The Glee Club was formed in 1915 after a Notre Dame student visiting Harvard saw their glee club perform and decided to start a singing society at Notre Dame, Streit said.

“In the '40s, Dean Pedtke became the director and he ended up serving for almost 40 years," he said. "It was during that time it really became entrenched, traditionally within Notre Dame the way it is now."

Today, the Glee Club performs multiple concerts in the fall and spring semesters, as well as touring internationally every other year and domestically twice a year, Streit said. However, Friday’s concert will be different from the Glee Club’s standard concert.

“This is a really exciting concert. … We’re singing pieces from each of the four main eras based on different directors,” he said. “It’s a lot of Notre Dame songs, a lot of popular choral music. You can see the way not only the way the music of the Glee Club evolved, but also how Notre Dame evolved over time. It’s a really neat look into the history of Notre Dame.”

Streit said the Morris Performing Arts Center also has a historic connection to Notre Dame.

“It’s also just such a storied space. Our director keeps saying that 75 years ago the movie 'Knute Rockne All American' premiered at the Morris,” he said. “It’s cool to be singing in that space on a major anniversary for that movie, too.”

Josh Bathon, who graduated in 2014 and was a member of the club for three years, said he enjoyed the sense of brotherhood that all the members shared in his time with the Club.

“To this day, I am astounded that I could look upon someone and call him my brother simply because we sang together,” he said. “The profundity of this is not lost on me: familial bonds are forged in the harmony of voice. I came for the music, and stayed for the family.”

Bathon said he is excited to return for the reunion weekend, especially as he will be able to sing with his uncle, Howard Bathon, who graduated in 1974.

“We lived in very different times, had different peers and directors, and sang a lot of different music. But there was also a lot of music that we both sang, we stopped in some of the same places on tour, had a common vocabulary for events and songs, and shared many traditions,” he said. “For instance, in the cold days of the late autumn, we had a bonfire and hayride at a random rural Midwestern farm. I found out later that almost 40 years ago, my uncle went to the same farm with the club.”

Howard Bathon said he has been anticipating the centennial reunion for several years.

“The Glee Club was one of the biggest experiences in my time at Notre Dame. My best friends from Notre Dame are in the Glee Club,” he said. “When Josh told me he was going to try out for the Glee Club, I was ecstatic. ... To get back together and know that guys 40 years before me and 40 years behind me sang some of the same songs that I’m singing is just the coolest thing in the world.”

The Glee Club was the only singing group on campus during Howard Bathon’s time, he said, and so they performed for many different events for the University.

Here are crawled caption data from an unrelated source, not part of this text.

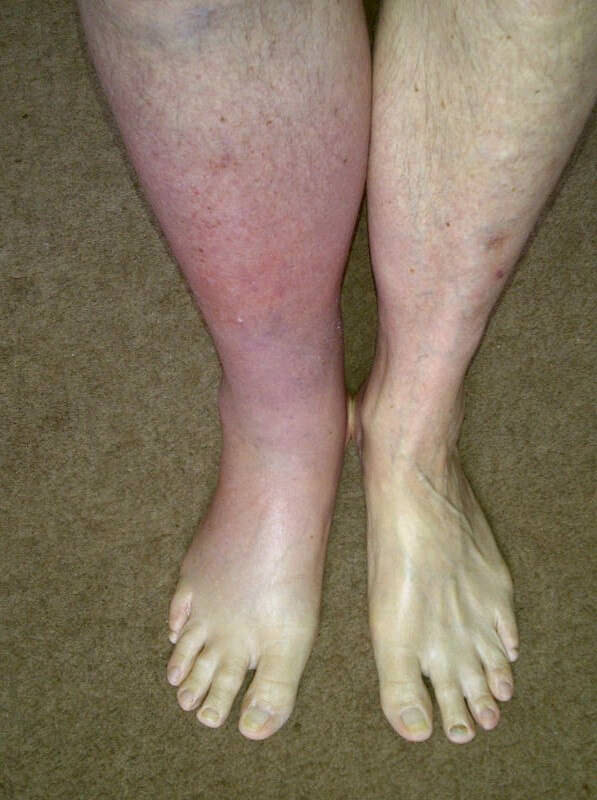 Флебит на ноге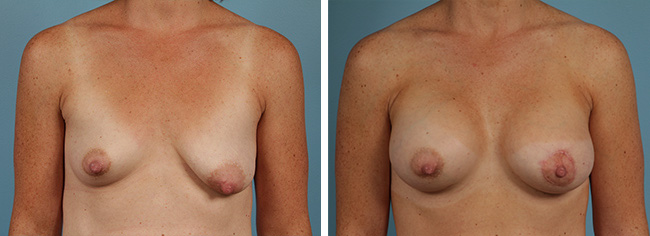 Breast Augmentation Patient with asymmetric breasts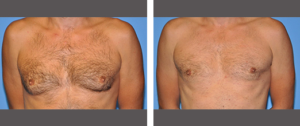 Gynecomastia Before and After Pictures Plano, TX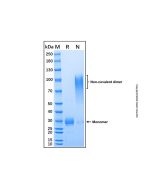 Recombinant Human Noggin Protein rp149360-10μg Aladdin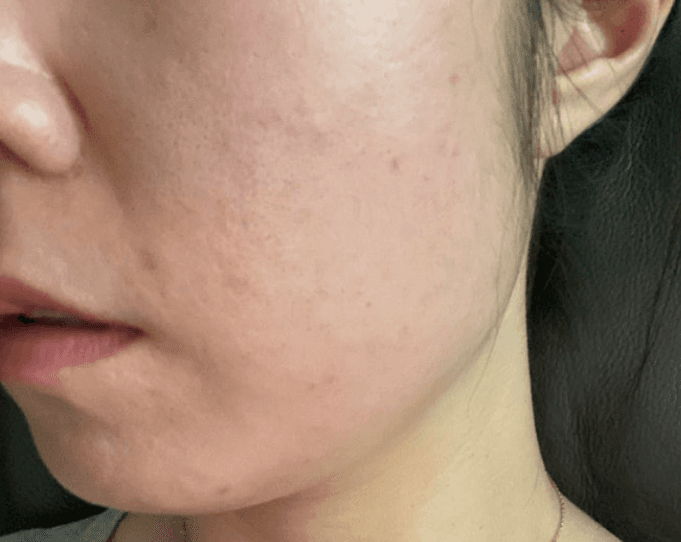 이중턱,볼 처짐 여러 시술 해보다가 울쎄라피프라임 9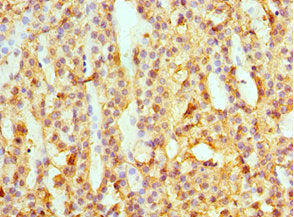 Immunohistochemistry of paraffin-embedded human adrenal gland tissue using SULT2A1 Antibody at dilution of 1:100Rabbit anti-Human SULT2A1 Polyclonal Antibody
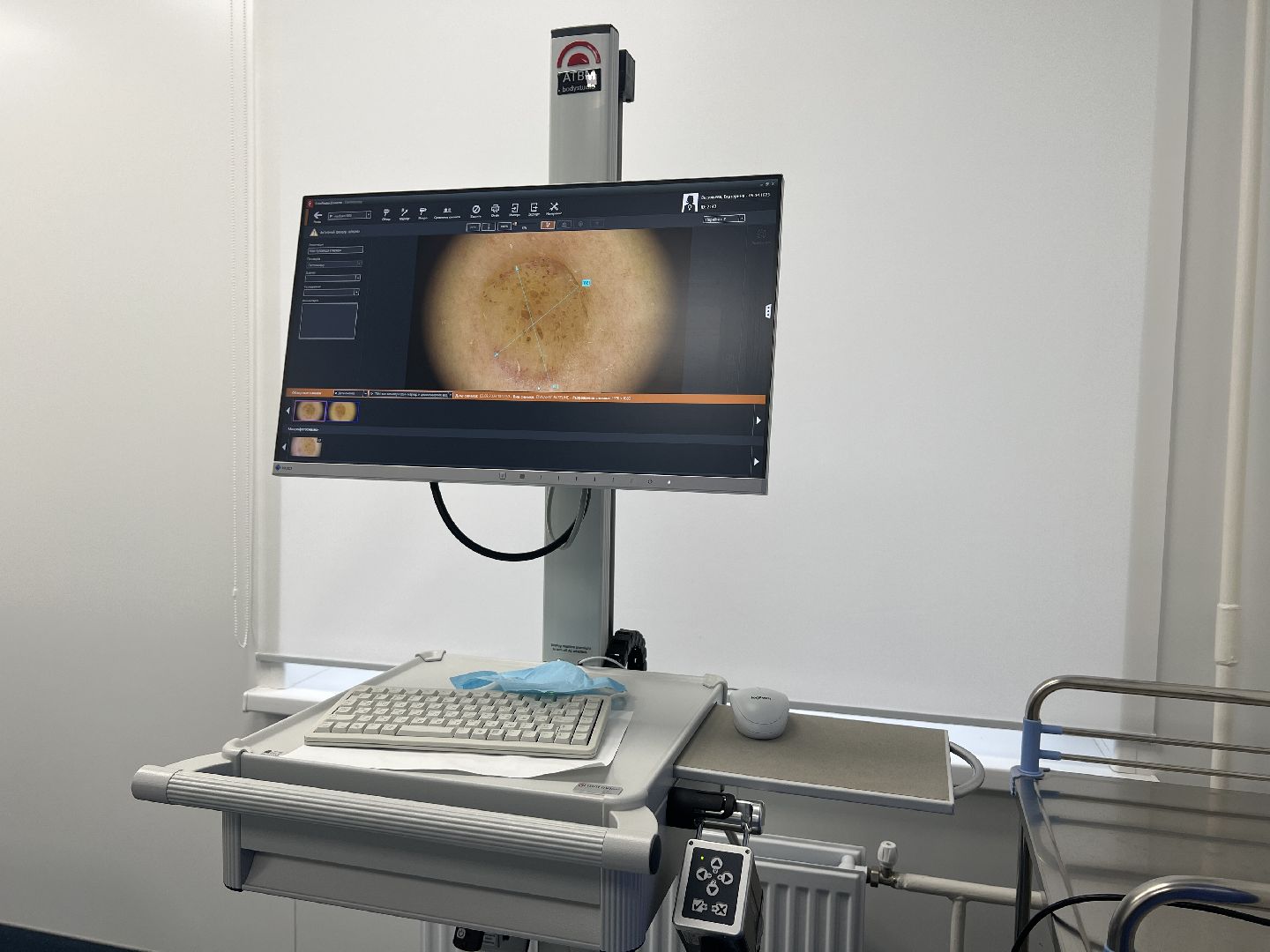 Химки, медицина, день здоровой кожи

“Notre Dame has a far better developed and well-rounded music program now than when I was here. We were kind of it,” he said. “If they wanted music for anything, we were tapped to do it.”

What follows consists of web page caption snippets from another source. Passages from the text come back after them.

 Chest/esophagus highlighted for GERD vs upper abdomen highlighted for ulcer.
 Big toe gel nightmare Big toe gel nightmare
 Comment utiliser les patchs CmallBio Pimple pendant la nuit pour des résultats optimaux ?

He said highlights from his time in Glee Club included performing for football coach Frank Leahy’s national championship teams during a reunion, as well as touring in Amsterdam, Belgium and Munich.

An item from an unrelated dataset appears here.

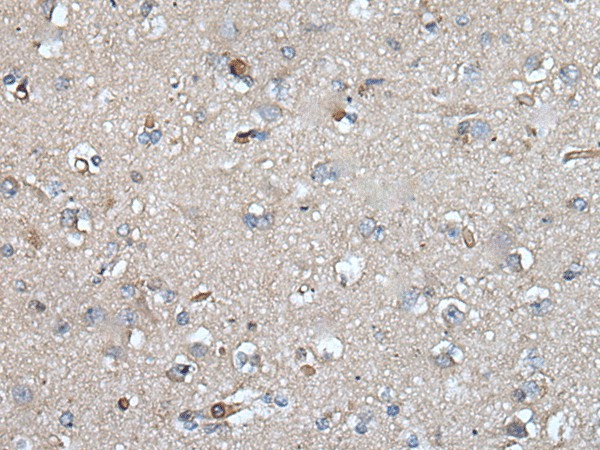 Валидация Elabscience E-AB-52440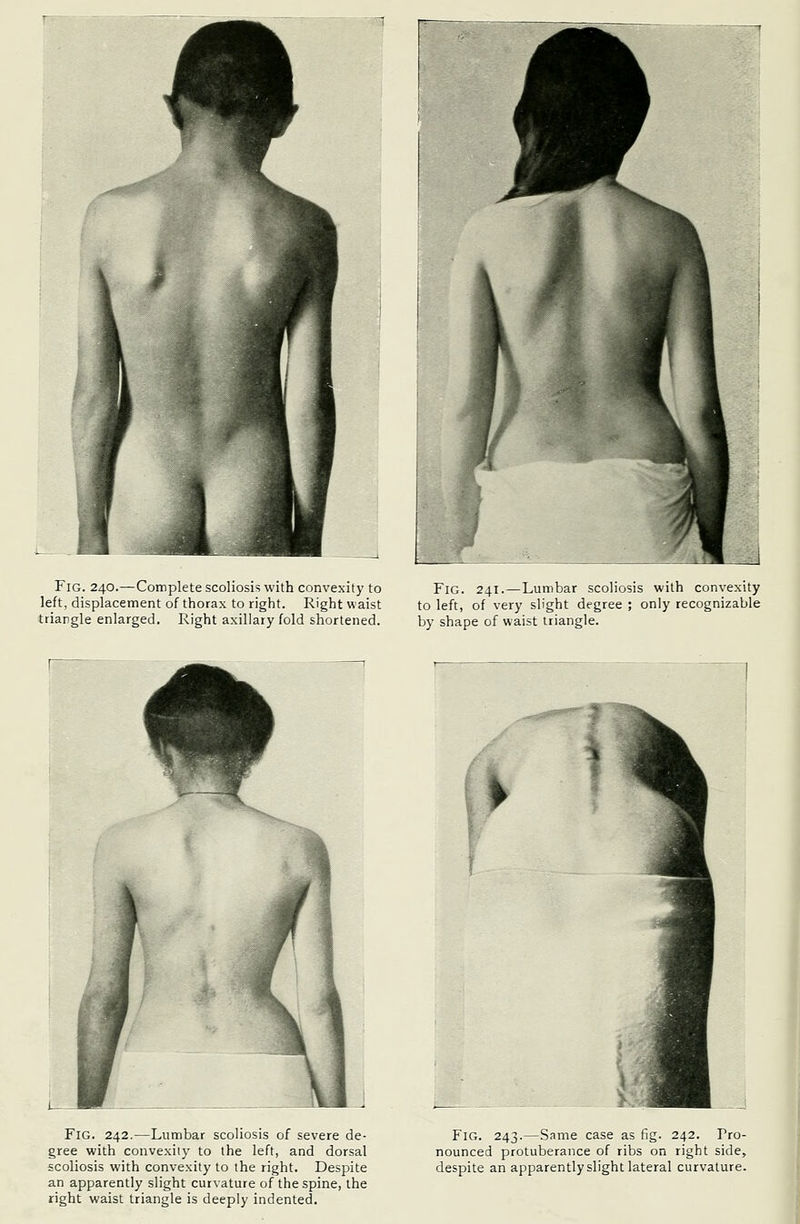 Fig. 240.—Complete scoliosis with convexity to left, displacement of thorax to right. Right waist triangle enlarged. Right axillary fold shortened. Fig. 241.—Lumbar scoliosis with convexity to left, of very slight degree ; only recognizable by shape of waist triangle. Fig. 242.—Lumbar scoliosis of severe de- gree with convexity to the left, and dorsal scoliosis with convexity to the right. Despite an apparently slight curvature of the spine, the right waist triangle is deeply indented. Fig. 243.—Same case as fig. 242. Pro- nounced protuberance of ribs on right side, despite an apparently slight lateral curvature.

“The Glee Club was the closest thing we had to a fraternity on campus at that time," Howard Bathon said. "We didn’t live together, but we sure did everything else together. We toured together, we sang together, we played together, we ate together and it just a tremendous experience for me.”

Tom Cook, who graduated in 1988, said he is also looking forward to singing alongside his brother and father, who was president of the Glee Club in 1959.

“It’s going to be a real privilege to be there with my dad and my brother because we were there at all different times,” he said. “For me, the concert is going to be really cool, meeting everyone and being on stage with everyone ... but especially my dad and my brother.”

Many of the men he met while a member of Glee Club turned into life-long friends, Cook said.

“It was great to know all these people from all over campus, multiple years, freshmen through seniors as well as grad students,” Cook said.